It wasn’t a dress code issue (though in hindsight I should have worn trainers) but that most of the attendees at #OER18 were from universities, while only a few of us there worked for education businesses.

But I was determined to go. As the director of the platform that still appears to be the world’s most popular place for the free sharing of lesson plans and educational materials by school teachers it would have been weird not to be there. Plus I’d announced in my first month in my new job that I was going to make our support for OERs “overt”.

Unlocking education at #OER18 in Bristol

However, I still understood that some attendees at the event in Bristol might be wary. I work for a commercial company, one that makes money from advertising and recruitment services, plus — even more controversially in this context — by letting teachers sell resources to each other, and taking a percentage on transactions.

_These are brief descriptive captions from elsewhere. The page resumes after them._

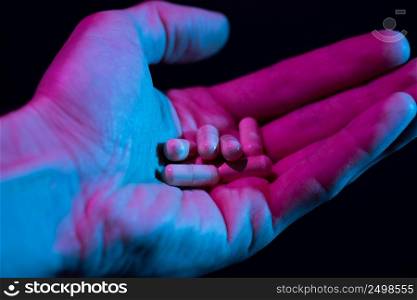 Heap of pills in hand closeup on dark background. Drugs tablets pile in palm.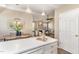 View of the kitchen island, dining area and living room, creating an open and connected living space at 1221 Renshaw Ct, Cary, NC 27518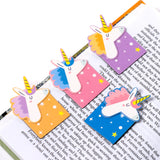 Angled close-up of four colourful magnetic unicorn bookmarks. Each bookmark features a white unicorn head with a striped yellow horn and a pastel-coloured mane (lilac, blue, pink, and orange), attached to a rectangular base patterned with stars and dots in corresponding or contrasting hues (lilac, pink, blue, and orange). The bookmarks are shown marking pages in an open book.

The scale of free OER sharing that goes on each week on Tes is staggering and seems to dwarf any other project I’ve seen on the OER world map. And I would argue that the free resources on Tes are often more pure examples of Open Education than the materials you’ll find on many supposedly “Open” MOOCs (Massive Open Online Courses) because our free materials have Creative Commons licences and are usually designed to be remixed and adapted.

But even I would not attempt to argue that our website offers pure Open Education, as paid content sits alongside the free. So I wondered if I’d be cold-shouldered by the purists.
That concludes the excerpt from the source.